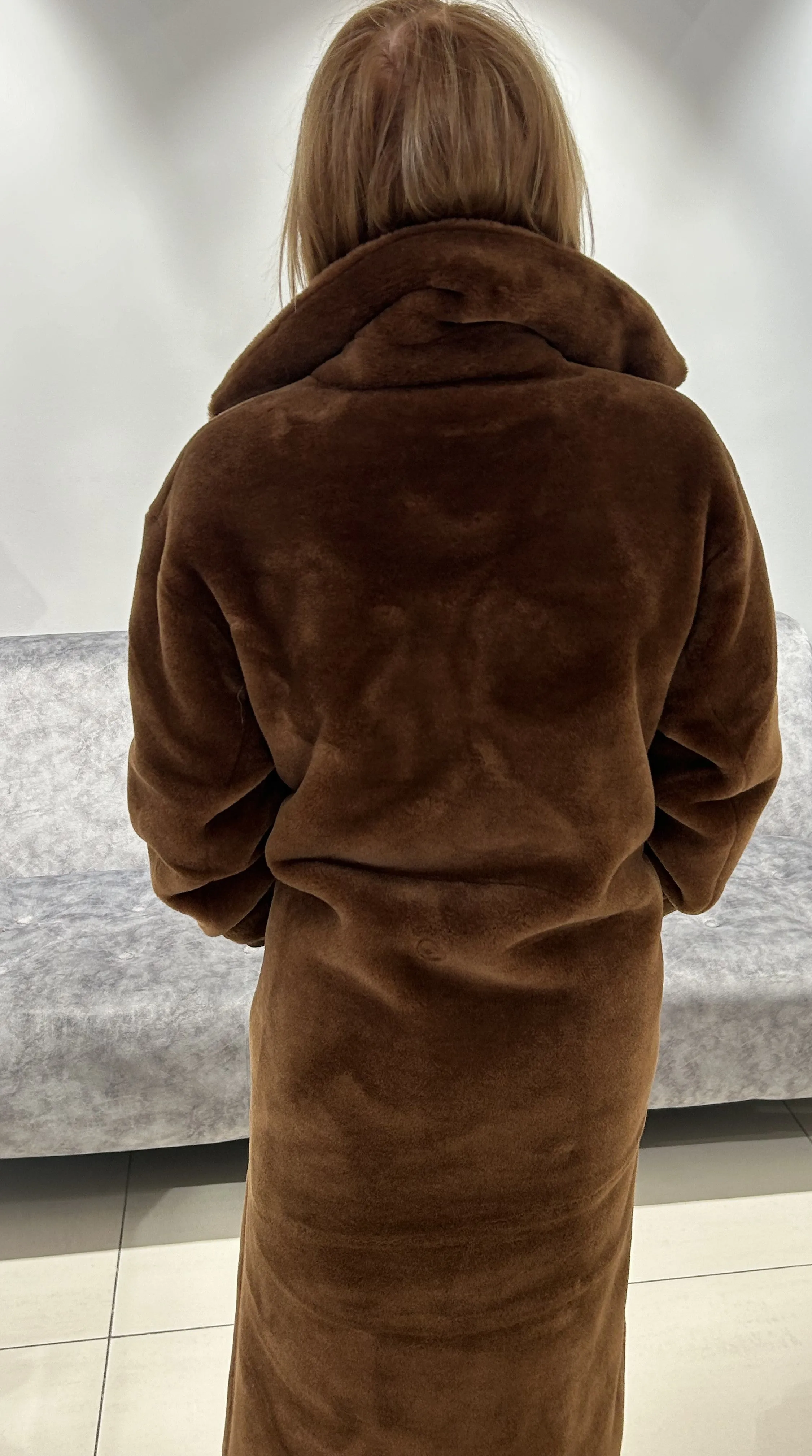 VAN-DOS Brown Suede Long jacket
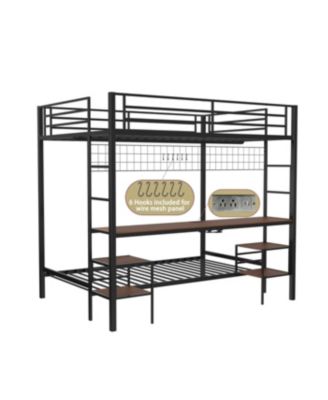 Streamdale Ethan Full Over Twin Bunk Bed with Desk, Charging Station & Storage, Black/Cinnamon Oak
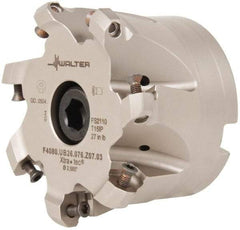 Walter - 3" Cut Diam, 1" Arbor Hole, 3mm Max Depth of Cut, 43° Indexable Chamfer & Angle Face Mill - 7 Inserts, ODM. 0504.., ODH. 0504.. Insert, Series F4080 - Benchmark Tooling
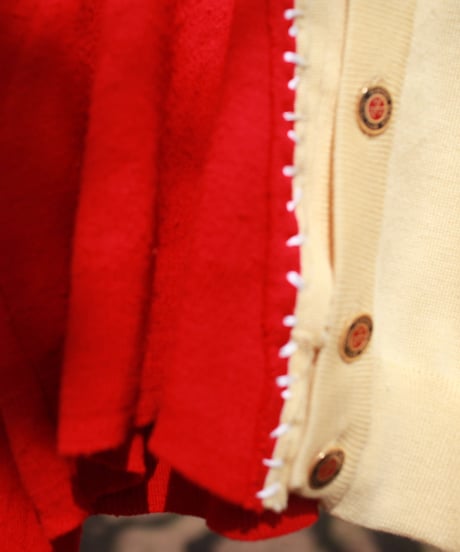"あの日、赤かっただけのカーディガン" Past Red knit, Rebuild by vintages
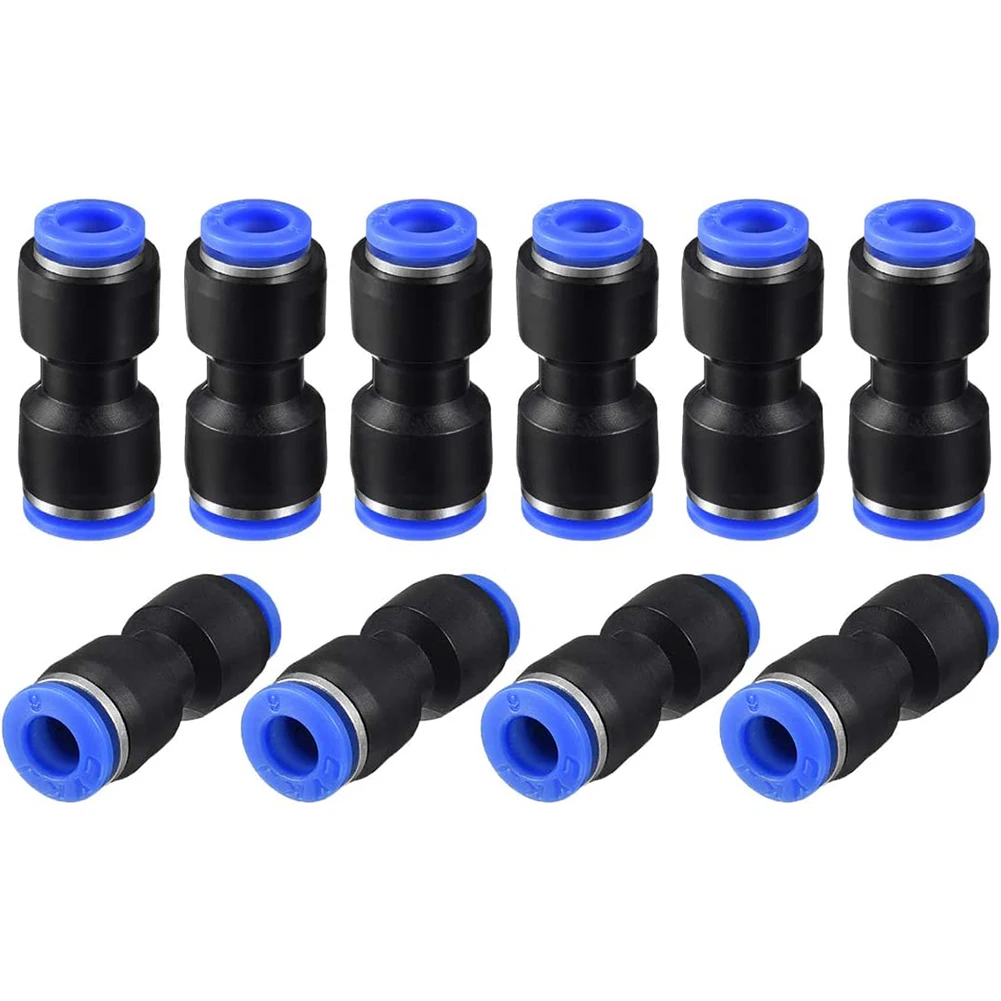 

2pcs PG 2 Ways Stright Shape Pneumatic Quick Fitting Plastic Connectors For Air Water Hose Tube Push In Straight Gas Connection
==================================================
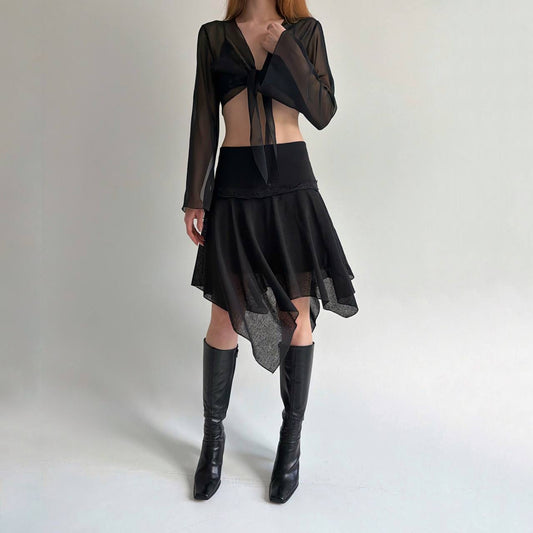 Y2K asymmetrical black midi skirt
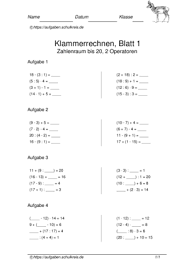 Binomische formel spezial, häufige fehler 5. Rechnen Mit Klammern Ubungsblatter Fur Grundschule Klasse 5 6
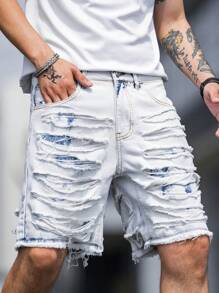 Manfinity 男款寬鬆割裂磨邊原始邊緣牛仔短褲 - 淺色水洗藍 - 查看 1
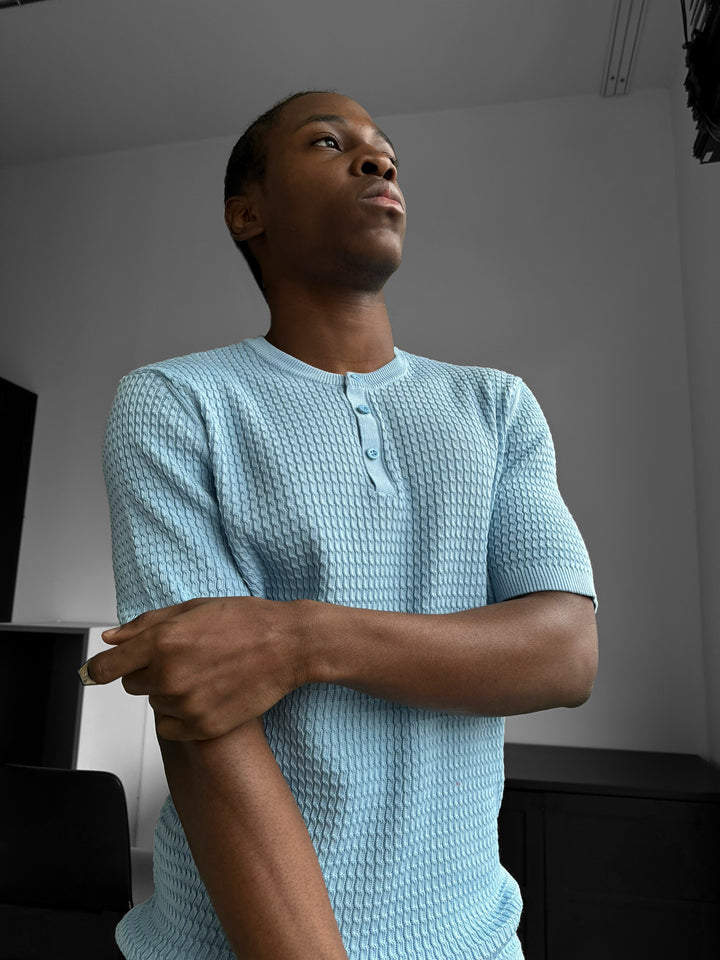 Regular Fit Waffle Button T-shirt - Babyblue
==================================================
Within these entries, output exactly the lines starting at the one with "Streamdale Ethan Full" and finishing at the one with "2pcs PG 2 Ways". Leave pictures out of the output.

■ **RESULT FOR THIS EXERCISE**:
 Streamdale Ethan Full Over Twin Bunk Bed with Desk, Charging Station & Storage, Black/Cinnamon Oak
 Walter - 3" Cut Diam, 1" Arbor Hole, 3mm Max Depth of Cut, 43° Indexable Chamfer & Angle Face Mill - 7 Inserts, ODM. 0504.., ODH. 0504.. Insert, Series F4080 - Benchmark Tooling
"あの日、赤かっただけのカーディガン" Past Red knit, Rebuild by vintages

2pcs PG 2 Ways Stright Shape Pneumatic Quick Fitting Plastic Connectors For Air Water Hose Tube Push In Straight Gas Connection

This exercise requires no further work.